> **EXERCISE AIM**: Transcribe the whole listing below. Pictures do not go in the copy.

> **COLLECTED DATA**:
......

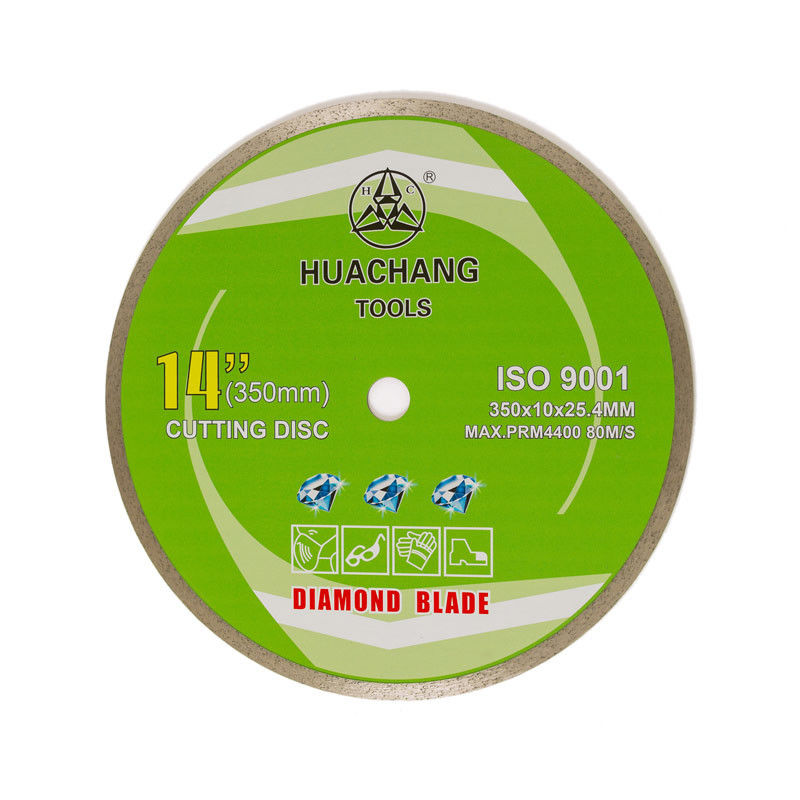 กดเย็น 14 นิ้ว 350 × 2.2 / 3.2 × 10 × 25.4mm × 24T ใบมีดขอบเพชรแบบต่อเนื่องสำหรับเครื่องบดมุม
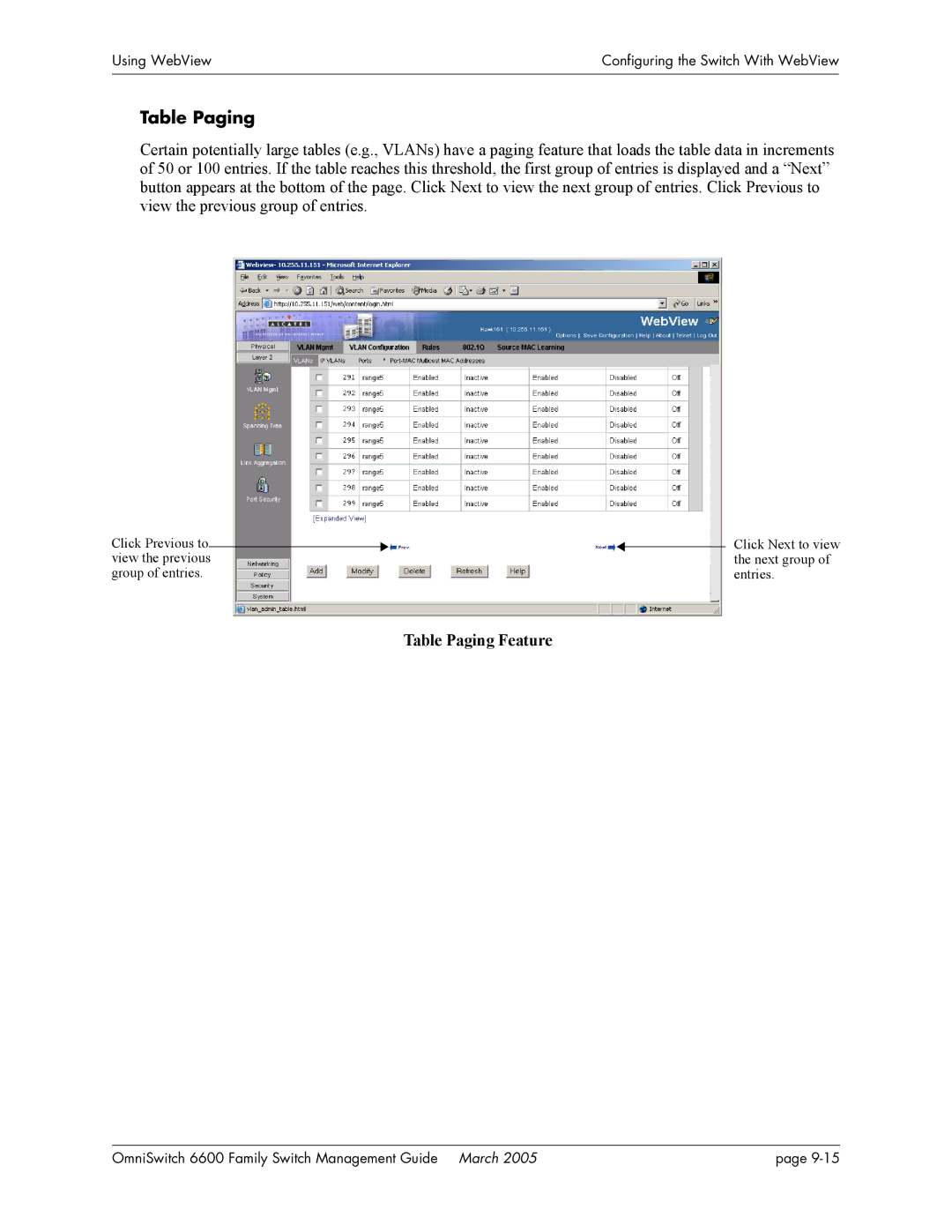 Alcatel Carrier Internetworking Solutions omniswitch manual Table Paging Feature 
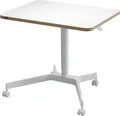 Leitz Sitz-/Steh-Schreibtisch Weiß 65360001 Farbe der Tischplatte: Weiß höhenverstellbar, mit Rollen max. Höhe: 1.14cm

......

> **TASK OUTPUT**:
 กดเย็น 14 นิ้ว 350 × 2.2 / 3.2 × 10 × 25.4mm × 24T ใบมีดขอบเพชรแบบต่อเนื่องสำหรับเครื่องบดมุม
 Alcatel Carrier Internetworking Solutions omniswitch manual Table Paging Feature 
 Leitz Sitz-/Steh-Schreibtisch Weiß 65360001 Farbe der Tischplatte: Weiß höhenverstellbar, mit Rollen max. Höhe: 1.14cm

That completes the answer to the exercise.